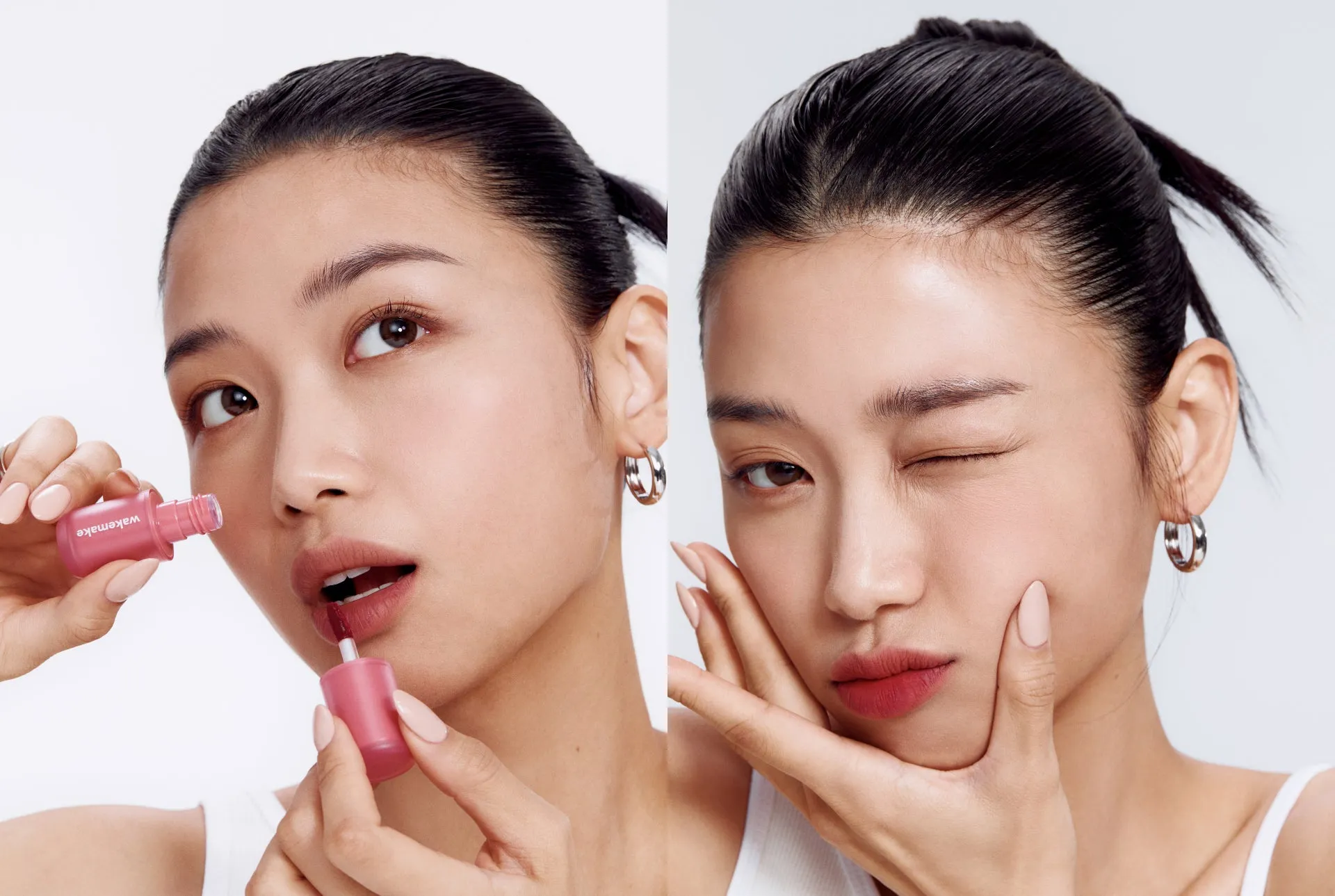 女性がリップメイクをしている様子を捉えた2枚の写真。左側の写真では、女性がリップカラーを塗ろうとしている様子が写っています。右側の写真では、女性がウィンクをして頬に手を当てています。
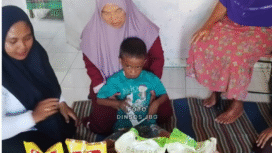 Dinsos Pemkab Jombang menyalurkan paket nutrisi kepada anak Sulton, 7, tahun warga , warga Dusun Tondowulan, Desa Temuwulan, Kecamatan Perak, yang sejak lahir mengalami kelainan jantung bocor, 31 Oktober 2025. Foto: jombangkab.go.id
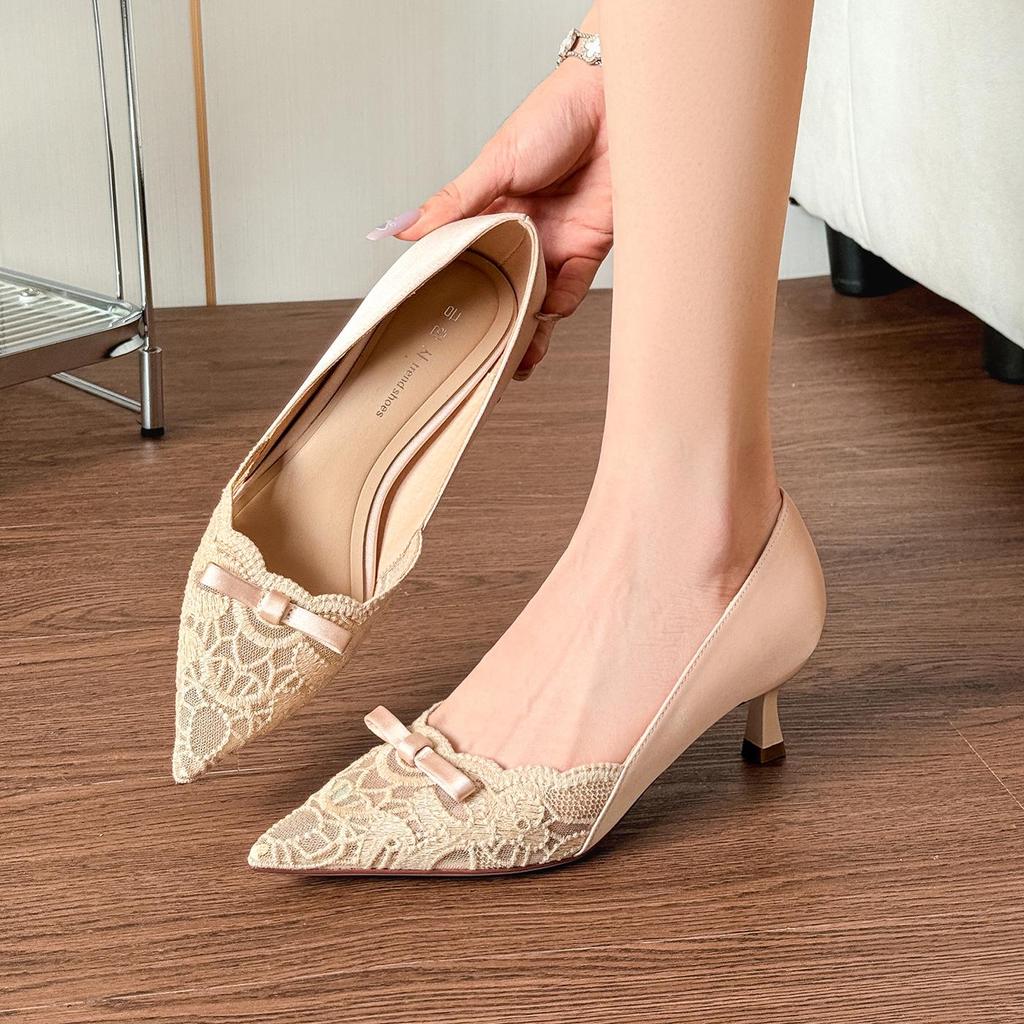 Bow Lace Embroidered Pointed Toe Stilettos - Women's Slimming Hollow High Heels for Summer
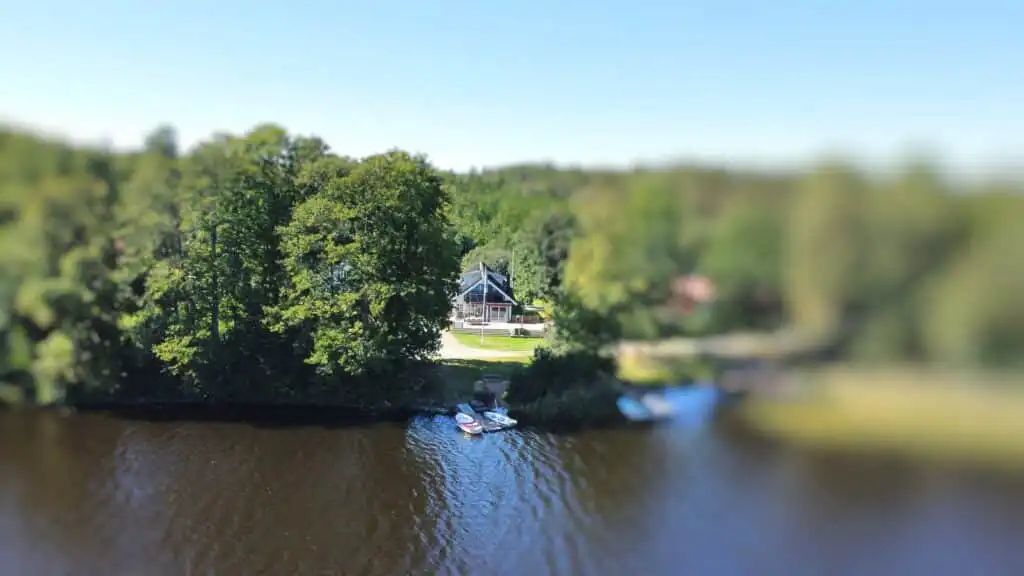 Luftaufnahme der Villa Seeblick – Ferienhaus direkt am See in ruhiger Waldlage in Småland
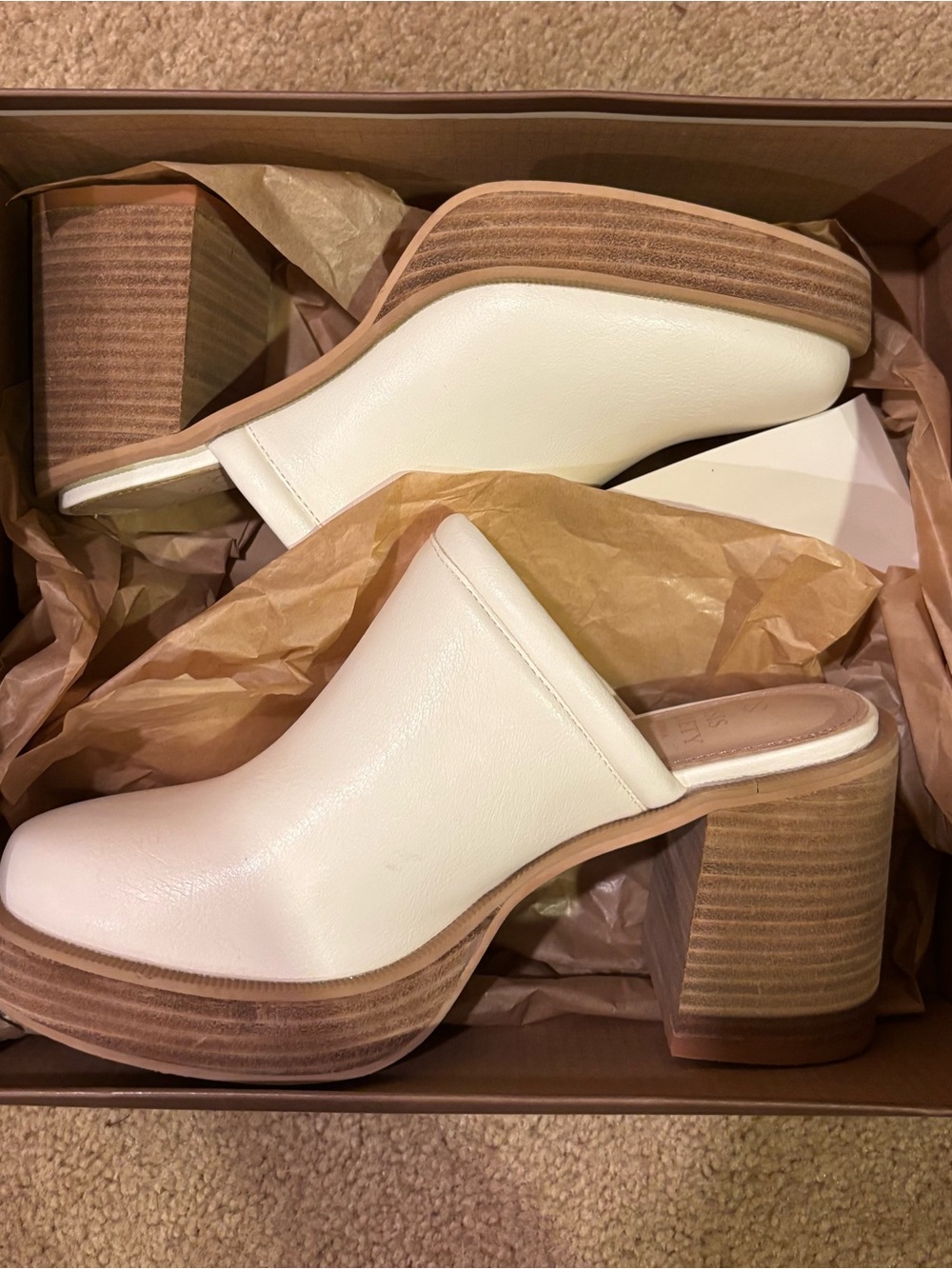 Oasis Society - Ava Clog Heels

* [What is needed]
All entries must come back exactly as written, though without their pictures.

* [Result]
 女性がリップメイクをしている様子を捉えた2枚の写真。左側の写真では、女性がリップカラーを塗ろうとしている様子が写っています。右側の写真では、女性がウィンクをして頬に手を当てています。
 Dinsos Pemkab Jombang menyalurkan paket nutrisi kepada anak Sulton, 7, tahun warga , warga Dusun Tondowulan, Desa Temuwulan, Kecamatan Perak, yang sejak lahir mengalami kelainan jantung bocor, 31 Oktober 2025. Foto: jombangkab.go.id
 Bow Lace Embroidered Pointed Toe Stilettos - Women's Slimming Hollow High Heels for Summer
 Luftaufnahme der Villa Seeblick – Ferienhaus direkt am See in ruhiger Waldlage in Småland
 Oasis Society - Ava Clog Heels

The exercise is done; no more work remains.